__Your task__.
Could you repeat the records below exactly, leaving the pictures out?

__Given records__.

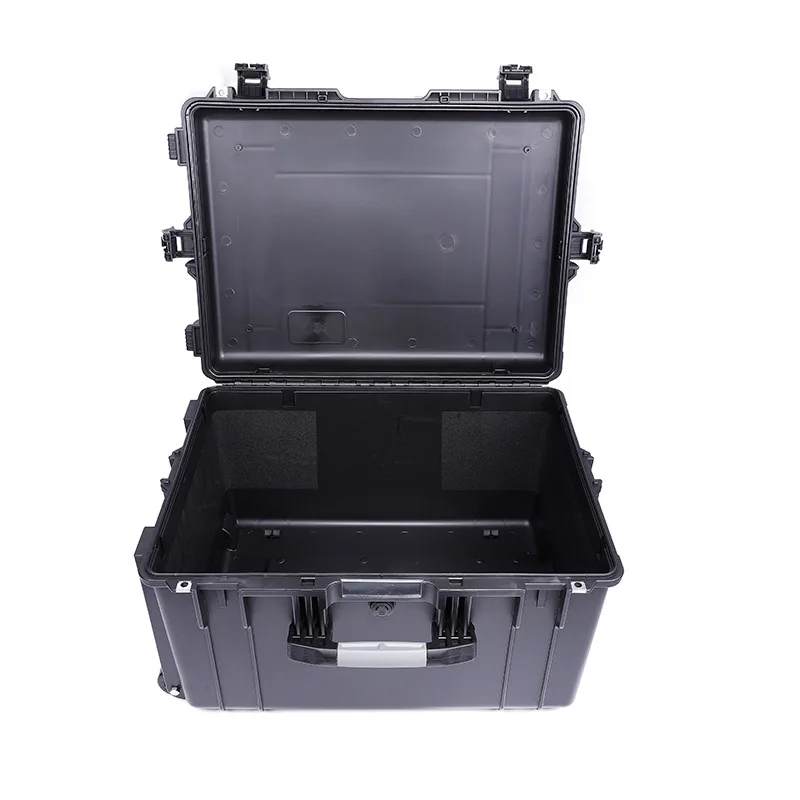 RY-6400 Photography…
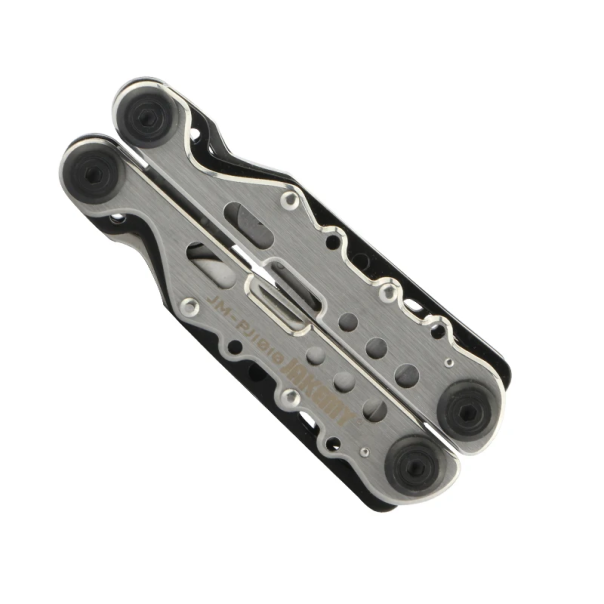 Klesta multifunkcionalna JAKEMY JM-PL1010, 10 u 1 - 213518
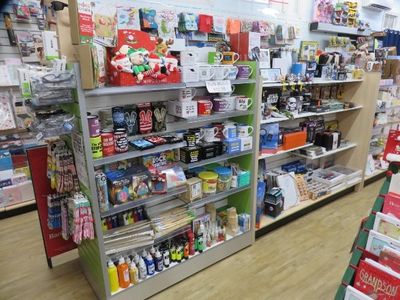 burnett-heads-post-and-news-sp2522-8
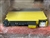 FANUC SERVO AMPLIFIER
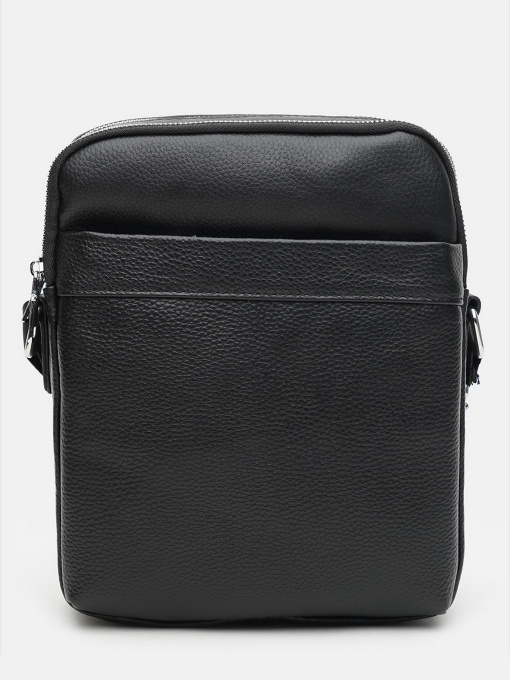 Сумки Keizer модель K19748-black Фото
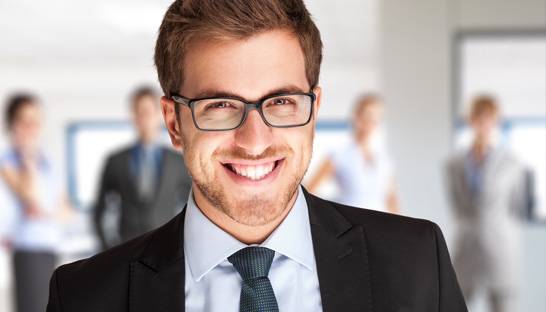 German management consultants positive on 2020 outlook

__Completed exercise__.
 RY-6400 Photography…
 Klesta multifunkcionalna JAKEMY JM-PL1010, 10 u 1 - 213518
 burnett-heads-post-and-news-sp2522-8
 FANUC SERVO AMPLIFIER
 Сумки Keizer модель K19748-black Фото
 German management consultants positive on 2020 outlook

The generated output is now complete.